Synplicity, a leading provider of advanced EDA solutions for programmable logic, addresses the shortcomings of conventional EDA technology with what Synplicity believes is the first and only physical synthesis tool designed specifically for PLDs, Amplify Physical Optimizer. The Amplify tool combines innovative new physical optimization technology with the production-proven logic synthesis algorithms of Synplicity's Synplify® synthesis environment, tuned over the years specifically for PLDs. The Amplify tool consists of a hierarchical optimization engine that leverages topology and placement knowledge to produce significantly improved netlist results after physical optimization synthesis. Advanced optimization techniques, embedded intelligence specific to PLD architectures and high productivity features such as an intuitive graphical user interface (GUI) are key aspects of the Amplify environment that help designers achieve the highest performance possible in short design cycles.





Figure 3: Traditional Flow vs. Amplify Physical Optimizer Flow

### **RT-Level Optimization Solves the Timing Estimation Problem**

Using physical constraint information based on RTL objects, the Amplify tool optimizes a design for performance during synthesis and is designed to eliminate iterations and timing estimation inaccuracies of traditional flows.
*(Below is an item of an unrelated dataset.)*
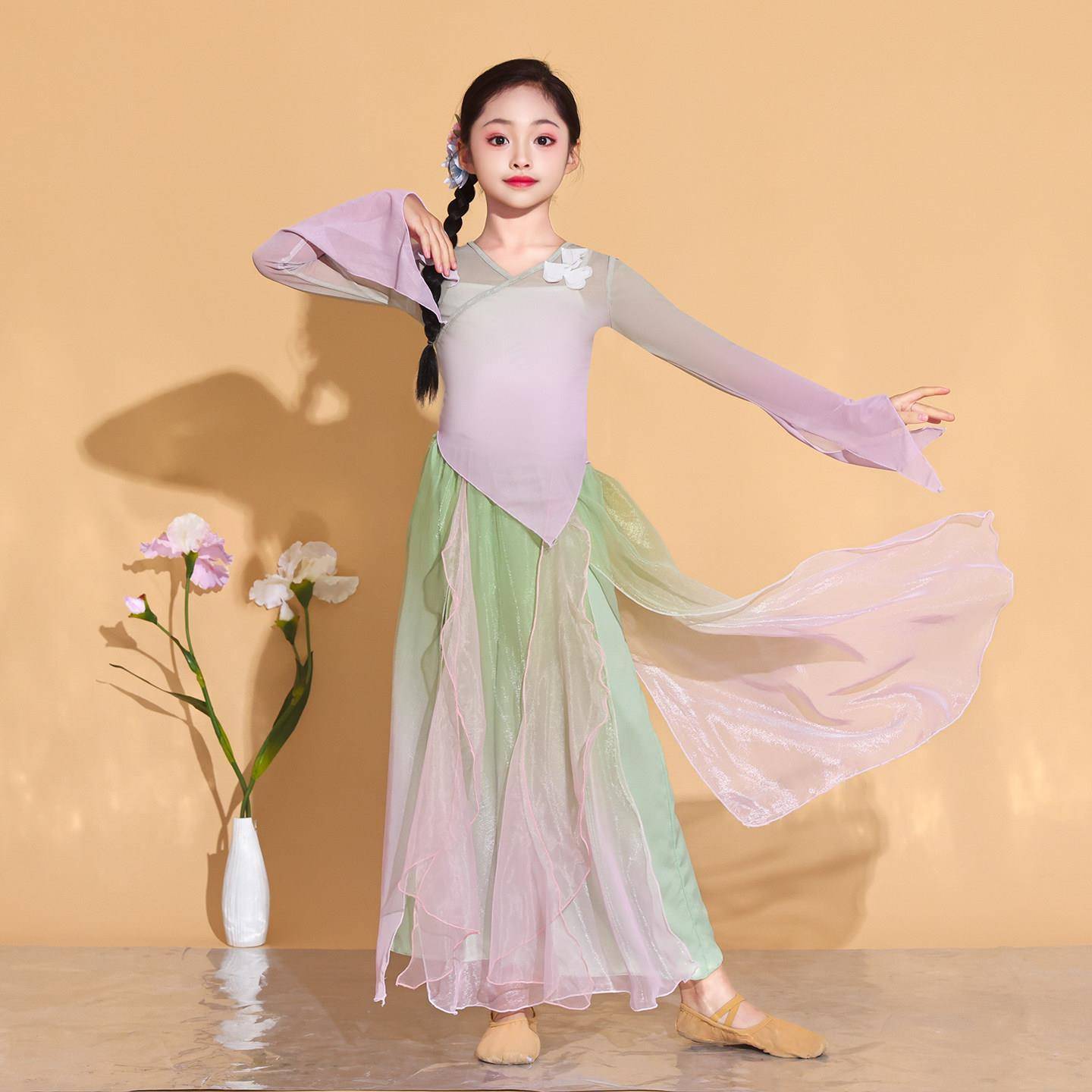 儿童典舞演出服女童幼EKV儿飘逸仙蹈气风纱衣中国古舞蹈服装练功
Amplify Physical Optimizer leverages the designer's knowledge of the circuit and familiarity with post-compiled RTL blocks to create a set of physical constraints rapidly at a higher level of abstraction. Instead of globally applying these constraints to a design, the Amplify software uses its knowledge of PLD architectures to more predictably estimate timing within defined physical regions (for Xilinx Virtex devices) or rows/megalabs (for Altera Flex / APEX devices). With this physical information, the Amplify tool derives more accurate timing estimations and uses them to perform additional optimization techniques during synthesis, producing a more highly optimized circuit in fewer iterations.

**Technology Backgrounder** 





Figure 4: Improving Timing Using Physical Constraints

### Abstract Floor Plan: A Better Way to Manage Design Performance

Amplify Physical Optimizer provides an easy way to optimize and control design placement. Not to be confused with traditional gate-level floorplanners, the Amplify environment operates on the design at the RT level during synthesis. Understanding the designer's knowledge of the code through timing and physical constraints, the Amplify tool enables physical placement of the design at the RT level. After physical constraint creation, the resulting physical hierarchy is optimized for performance and also provides an additional level of designer control for achievement of performance objectives. The performance-driven partitioning and placement embodied in an abstract floor plan enables more effective team design by making it possible to isolate the critical path in a single region. Timing estimation accuracy for a design thus partitioned is vastly improved over that of traditional global estimation.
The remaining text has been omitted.